Start of EXTRACTED MATERIAL
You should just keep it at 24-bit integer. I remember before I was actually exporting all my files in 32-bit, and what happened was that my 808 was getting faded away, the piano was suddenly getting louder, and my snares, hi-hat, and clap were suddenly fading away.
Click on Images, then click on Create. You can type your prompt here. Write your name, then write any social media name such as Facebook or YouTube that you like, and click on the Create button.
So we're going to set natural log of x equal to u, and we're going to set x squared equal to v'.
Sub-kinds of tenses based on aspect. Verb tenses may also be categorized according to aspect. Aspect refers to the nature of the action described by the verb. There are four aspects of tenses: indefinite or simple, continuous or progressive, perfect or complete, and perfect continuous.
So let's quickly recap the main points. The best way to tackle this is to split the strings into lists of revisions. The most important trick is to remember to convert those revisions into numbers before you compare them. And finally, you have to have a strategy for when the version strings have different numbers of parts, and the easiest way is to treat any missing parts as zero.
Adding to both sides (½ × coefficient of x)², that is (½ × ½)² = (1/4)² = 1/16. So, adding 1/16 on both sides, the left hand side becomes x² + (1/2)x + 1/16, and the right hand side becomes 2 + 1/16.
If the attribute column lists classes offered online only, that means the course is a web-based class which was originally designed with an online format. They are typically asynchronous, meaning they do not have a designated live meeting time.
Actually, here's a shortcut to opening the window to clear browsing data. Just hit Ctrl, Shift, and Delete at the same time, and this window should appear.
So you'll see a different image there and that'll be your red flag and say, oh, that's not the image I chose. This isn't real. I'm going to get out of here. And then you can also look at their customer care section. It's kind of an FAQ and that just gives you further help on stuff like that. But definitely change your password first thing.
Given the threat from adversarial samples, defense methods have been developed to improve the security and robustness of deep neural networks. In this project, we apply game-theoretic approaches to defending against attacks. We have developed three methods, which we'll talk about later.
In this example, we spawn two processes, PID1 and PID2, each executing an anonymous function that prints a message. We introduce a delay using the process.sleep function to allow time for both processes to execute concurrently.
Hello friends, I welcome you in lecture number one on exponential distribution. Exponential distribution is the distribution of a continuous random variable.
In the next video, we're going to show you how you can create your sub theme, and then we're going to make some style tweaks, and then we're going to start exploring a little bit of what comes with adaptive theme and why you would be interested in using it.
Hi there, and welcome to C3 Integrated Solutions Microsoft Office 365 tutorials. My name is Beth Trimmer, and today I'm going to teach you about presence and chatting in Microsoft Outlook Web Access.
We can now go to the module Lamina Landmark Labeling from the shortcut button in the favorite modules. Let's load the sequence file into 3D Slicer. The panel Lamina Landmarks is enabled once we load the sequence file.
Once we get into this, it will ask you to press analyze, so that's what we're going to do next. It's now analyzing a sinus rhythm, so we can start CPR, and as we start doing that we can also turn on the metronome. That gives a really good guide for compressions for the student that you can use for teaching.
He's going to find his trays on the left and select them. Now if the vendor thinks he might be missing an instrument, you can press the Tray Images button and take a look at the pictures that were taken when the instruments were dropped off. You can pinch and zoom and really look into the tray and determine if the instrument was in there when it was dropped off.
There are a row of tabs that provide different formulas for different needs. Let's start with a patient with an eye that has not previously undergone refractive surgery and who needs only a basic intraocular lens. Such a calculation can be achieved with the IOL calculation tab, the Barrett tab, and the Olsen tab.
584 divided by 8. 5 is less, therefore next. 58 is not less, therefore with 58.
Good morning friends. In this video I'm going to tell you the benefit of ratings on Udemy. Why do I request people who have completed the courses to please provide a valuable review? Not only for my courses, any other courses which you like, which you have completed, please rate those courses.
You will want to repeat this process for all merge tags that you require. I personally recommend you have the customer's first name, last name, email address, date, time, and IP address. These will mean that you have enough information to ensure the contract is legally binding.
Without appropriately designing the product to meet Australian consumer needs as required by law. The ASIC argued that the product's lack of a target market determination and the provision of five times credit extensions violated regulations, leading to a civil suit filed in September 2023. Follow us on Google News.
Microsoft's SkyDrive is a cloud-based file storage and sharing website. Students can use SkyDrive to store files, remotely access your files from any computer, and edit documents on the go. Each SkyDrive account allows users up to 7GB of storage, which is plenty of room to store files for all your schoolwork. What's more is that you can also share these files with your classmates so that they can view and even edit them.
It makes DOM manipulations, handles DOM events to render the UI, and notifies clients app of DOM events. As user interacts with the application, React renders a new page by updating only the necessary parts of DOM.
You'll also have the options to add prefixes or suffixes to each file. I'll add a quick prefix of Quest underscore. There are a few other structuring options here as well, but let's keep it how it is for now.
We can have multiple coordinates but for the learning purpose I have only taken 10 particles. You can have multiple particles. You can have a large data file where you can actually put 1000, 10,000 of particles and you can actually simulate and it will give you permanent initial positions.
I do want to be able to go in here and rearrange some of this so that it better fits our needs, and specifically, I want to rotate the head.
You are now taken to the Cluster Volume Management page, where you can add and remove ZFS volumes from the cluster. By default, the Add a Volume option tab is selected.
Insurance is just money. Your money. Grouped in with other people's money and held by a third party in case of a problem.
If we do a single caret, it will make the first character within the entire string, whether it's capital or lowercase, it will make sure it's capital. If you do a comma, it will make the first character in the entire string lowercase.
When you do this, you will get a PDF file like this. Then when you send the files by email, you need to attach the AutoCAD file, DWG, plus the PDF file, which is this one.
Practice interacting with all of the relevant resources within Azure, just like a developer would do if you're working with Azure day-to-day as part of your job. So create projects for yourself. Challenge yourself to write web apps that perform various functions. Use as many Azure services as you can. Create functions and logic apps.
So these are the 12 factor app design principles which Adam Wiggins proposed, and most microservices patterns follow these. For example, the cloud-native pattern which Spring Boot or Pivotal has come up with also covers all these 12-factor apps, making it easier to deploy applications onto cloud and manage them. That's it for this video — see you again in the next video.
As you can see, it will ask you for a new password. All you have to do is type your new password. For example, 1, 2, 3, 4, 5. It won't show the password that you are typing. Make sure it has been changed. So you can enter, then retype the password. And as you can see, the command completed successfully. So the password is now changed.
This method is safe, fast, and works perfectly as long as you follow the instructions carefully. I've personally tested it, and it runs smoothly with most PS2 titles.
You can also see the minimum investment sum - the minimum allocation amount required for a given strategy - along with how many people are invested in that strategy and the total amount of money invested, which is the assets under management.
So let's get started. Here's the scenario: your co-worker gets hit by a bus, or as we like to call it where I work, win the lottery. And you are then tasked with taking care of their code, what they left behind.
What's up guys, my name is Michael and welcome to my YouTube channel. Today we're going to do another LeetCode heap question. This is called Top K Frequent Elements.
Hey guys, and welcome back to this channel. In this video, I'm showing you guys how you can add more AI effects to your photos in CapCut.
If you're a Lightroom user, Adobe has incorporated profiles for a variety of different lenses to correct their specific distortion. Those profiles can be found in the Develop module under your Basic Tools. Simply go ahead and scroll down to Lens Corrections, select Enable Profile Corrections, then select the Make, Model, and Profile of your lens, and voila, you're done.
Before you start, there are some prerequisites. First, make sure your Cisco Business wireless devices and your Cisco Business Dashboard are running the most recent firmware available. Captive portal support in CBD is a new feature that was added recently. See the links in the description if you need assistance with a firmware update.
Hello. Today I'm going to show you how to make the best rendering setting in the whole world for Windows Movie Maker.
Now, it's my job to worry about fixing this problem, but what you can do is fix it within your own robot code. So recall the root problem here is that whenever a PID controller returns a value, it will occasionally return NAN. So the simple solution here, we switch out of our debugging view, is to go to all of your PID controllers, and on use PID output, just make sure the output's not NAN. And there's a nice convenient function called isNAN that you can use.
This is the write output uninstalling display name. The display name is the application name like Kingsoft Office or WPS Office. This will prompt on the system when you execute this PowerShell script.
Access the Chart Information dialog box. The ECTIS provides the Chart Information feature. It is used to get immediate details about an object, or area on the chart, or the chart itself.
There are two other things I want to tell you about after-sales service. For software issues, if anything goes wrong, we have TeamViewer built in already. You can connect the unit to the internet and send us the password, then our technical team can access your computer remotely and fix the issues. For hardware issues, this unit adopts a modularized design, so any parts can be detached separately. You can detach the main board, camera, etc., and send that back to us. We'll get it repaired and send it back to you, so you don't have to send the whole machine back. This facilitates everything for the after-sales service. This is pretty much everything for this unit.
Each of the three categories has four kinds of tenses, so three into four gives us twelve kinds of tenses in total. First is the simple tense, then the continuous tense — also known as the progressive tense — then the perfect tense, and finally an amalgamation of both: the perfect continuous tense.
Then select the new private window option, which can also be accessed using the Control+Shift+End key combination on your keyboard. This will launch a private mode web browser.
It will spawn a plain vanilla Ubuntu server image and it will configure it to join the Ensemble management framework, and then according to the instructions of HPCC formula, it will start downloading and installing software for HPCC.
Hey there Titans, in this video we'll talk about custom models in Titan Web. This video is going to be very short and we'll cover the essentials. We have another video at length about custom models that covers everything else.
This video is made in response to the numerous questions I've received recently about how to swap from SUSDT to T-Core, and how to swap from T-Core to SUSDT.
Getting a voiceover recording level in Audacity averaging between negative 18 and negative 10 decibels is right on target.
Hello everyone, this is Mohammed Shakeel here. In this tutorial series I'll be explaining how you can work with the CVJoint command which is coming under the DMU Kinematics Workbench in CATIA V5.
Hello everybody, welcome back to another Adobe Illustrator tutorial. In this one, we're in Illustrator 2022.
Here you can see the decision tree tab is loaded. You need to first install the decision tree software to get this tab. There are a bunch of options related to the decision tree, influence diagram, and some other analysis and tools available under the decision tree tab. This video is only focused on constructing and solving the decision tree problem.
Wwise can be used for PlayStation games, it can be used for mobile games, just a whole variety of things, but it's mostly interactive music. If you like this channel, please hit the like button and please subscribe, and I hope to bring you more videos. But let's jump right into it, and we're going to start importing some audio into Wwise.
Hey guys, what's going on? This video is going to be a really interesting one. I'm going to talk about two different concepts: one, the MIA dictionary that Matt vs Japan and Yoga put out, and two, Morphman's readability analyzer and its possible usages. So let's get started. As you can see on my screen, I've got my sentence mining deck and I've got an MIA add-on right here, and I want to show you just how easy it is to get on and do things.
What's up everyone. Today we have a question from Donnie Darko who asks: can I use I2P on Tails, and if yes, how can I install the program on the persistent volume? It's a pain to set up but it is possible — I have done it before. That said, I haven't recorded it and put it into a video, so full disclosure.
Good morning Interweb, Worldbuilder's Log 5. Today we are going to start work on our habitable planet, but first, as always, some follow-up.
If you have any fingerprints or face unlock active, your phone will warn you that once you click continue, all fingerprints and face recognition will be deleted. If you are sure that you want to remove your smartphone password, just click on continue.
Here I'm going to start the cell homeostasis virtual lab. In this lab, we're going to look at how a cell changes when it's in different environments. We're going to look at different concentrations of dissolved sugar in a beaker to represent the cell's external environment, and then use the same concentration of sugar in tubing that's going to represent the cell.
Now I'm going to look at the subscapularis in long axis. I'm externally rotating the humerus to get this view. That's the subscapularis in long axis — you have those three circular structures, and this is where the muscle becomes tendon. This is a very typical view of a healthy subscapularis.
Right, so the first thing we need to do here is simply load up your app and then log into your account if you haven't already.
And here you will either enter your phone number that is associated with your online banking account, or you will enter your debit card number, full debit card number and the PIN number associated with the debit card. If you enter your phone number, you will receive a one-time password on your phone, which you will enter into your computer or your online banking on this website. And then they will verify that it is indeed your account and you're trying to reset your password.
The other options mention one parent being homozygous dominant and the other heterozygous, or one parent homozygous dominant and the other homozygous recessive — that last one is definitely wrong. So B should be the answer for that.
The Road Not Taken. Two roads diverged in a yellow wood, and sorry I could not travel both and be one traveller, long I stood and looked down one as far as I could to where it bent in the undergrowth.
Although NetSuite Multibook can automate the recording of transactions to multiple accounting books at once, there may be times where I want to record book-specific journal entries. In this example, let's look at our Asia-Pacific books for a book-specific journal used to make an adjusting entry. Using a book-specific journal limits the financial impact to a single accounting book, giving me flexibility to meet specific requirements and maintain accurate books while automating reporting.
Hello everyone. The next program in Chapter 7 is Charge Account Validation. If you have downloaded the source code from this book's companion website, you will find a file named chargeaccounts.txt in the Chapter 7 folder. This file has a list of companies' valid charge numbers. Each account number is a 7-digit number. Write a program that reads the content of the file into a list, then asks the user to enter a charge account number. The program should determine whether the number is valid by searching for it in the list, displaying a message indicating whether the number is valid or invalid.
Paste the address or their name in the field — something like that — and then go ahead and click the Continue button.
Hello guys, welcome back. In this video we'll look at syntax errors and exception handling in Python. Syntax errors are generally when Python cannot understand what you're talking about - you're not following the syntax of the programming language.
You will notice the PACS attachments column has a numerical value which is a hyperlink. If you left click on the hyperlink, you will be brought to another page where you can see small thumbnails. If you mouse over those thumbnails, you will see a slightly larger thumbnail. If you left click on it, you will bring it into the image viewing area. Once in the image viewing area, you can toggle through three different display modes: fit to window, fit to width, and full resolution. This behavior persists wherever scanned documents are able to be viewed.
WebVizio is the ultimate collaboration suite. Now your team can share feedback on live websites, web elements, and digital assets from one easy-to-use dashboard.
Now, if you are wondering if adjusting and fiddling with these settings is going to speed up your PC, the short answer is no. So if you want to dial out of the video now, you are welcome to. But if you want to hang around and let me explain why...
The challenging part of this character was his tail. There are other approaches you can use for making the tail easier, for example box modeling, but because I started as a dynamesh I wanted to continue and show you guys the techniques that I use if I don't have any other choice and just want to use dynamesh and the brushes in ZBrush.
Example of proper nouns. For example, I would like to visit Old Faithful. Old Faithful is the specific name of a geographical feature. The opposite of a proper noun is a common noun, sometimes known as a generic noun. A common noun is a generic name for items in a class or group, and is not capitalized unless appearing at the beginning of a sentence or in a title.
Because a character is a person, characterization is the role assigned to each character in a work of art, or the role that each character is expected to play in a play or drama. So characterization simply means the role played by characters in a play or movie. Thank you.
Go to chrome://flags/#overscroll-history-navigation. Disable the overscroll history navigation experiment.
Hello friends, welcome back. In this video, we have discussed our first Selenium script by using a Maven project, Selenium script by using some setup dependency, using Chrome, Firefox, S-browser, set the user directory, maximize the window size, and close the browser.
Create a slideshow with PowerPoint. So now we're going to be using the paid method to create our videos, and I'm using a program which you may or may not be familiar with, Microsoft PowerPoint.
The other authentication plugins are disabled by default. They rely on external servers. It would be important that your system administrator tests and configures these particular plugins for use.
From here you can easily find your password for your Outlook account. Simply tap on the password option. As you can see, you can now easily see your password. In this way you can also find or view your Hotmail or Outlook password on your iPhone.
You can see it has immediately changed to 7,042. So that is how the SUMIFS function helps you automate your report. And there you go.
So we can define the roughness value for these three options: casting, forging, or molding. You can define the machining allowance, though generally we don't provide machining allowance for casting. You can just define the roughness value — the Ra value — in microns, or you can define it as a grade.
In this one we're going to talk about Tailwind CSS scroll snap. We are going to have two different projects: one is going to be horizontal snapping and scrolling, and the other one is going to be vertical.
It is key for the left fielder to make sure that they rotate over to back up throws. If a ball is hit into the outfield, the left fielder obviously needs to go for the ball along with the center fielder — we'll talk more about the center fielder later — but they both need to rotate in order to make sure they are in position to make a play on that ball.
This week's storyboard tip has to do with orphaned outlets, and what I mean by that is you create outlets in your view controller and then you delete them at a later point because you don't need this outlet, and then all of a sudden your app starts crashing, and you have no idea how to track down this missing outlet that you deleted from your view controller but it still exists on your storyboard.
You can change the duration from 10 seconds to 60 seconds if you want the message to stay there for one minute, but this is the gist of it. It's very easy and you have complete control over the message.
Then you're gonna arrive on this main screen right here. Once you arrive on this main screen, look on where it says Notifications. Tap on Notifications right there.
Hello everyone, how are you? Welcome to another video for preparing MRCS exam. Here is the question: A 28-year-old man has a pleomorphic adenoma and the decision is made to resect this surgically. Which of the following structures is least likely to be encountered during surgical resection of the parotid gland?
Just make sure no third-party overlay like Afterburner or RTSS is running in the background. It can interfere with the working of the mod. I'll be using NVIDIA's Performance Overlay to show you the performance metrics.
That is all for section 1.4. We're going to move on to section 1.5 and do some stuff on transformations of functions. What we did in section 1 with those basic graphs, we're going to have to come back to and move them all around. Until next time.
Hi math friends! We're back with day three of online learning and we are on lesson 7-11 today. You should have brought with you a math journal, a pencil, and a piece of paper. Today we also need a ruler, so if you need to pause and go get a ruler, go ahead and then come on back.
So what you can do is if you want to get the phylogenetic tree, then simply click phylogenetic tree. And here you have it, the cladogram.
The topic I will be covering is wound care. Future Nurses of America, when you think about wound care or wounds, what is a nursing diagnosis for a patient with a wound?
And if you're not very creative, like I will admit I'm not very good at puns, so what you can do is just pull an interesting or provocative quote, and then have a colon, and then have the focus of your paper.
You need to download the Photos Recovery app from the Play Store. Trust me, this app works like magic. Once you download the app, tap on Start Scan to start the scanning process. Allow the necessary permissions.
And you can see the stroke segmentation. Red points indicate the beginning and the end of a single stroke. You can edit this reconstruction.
End of EXTRACTED MATERIAL
> **THE TASK**
Look above for the line containing "When you do". Output from there through the line containing "Hey guys, and", exactly and inclusively.

> **EXERCISE RESULT**
When you do this, you will get a PDF file like this. Then when you send the files by email, you need to attach the AutoCAD file, DWG, plus the PDF file, which is this one.
Practice interacting with all of the relevant resources within Azure, just like a developer would do if you're working with Azure day-to-day as part of your job. So create projects for yourself. Challenge yourself to write web apps that perform various functions. Use as many Azure services as you can. Create functions and logic apps.
So these are the 12 factor app design principles which Adam Wiggins proposed, and most microservices patterns follow these. For example, the cloud-native pattern which Spring Boot or Pivotal has come up with also covers all these 12-factor apps, making it easier to deploy applications onto cloud and manage them. That's it for this video — see you again in the next video.
As you can see, it will ask you for a new password. All you have to do is type your new password. For example, 1, 2, 3, 4, 5. It won't show the password that you are typing. Make sure it has been changed. So you can enter, then retype the password. And as you can see, the command completed successfully. So the password is now changed.
This method is safe, fast, and works perfectly as long as you follow the instructions carefully. I've personally tested it, and it runs smoothly with most PS2 titles.
You can also see the minimum investment sum - the minimum allocation amount required for a given strategy - along with how many people are invested in that strategy and the total amount of money invested, which is the assets under management.
So let's get started. Here's the scenario: your co-worker gets hit by a bus, or as we like to call it where I work, win the lottery. And you are then tasked with taking care of their code, what they left behind.
What's up guys, my name is Michael and welcome to my YouTube channel. Today we're going to do another LeetCode heap question. This is called Top K Frequent Elements.
Hey guys, and welcome back to this channel. In this video, I'm showing you guys how you can add more AI effects to your photos in CapCut.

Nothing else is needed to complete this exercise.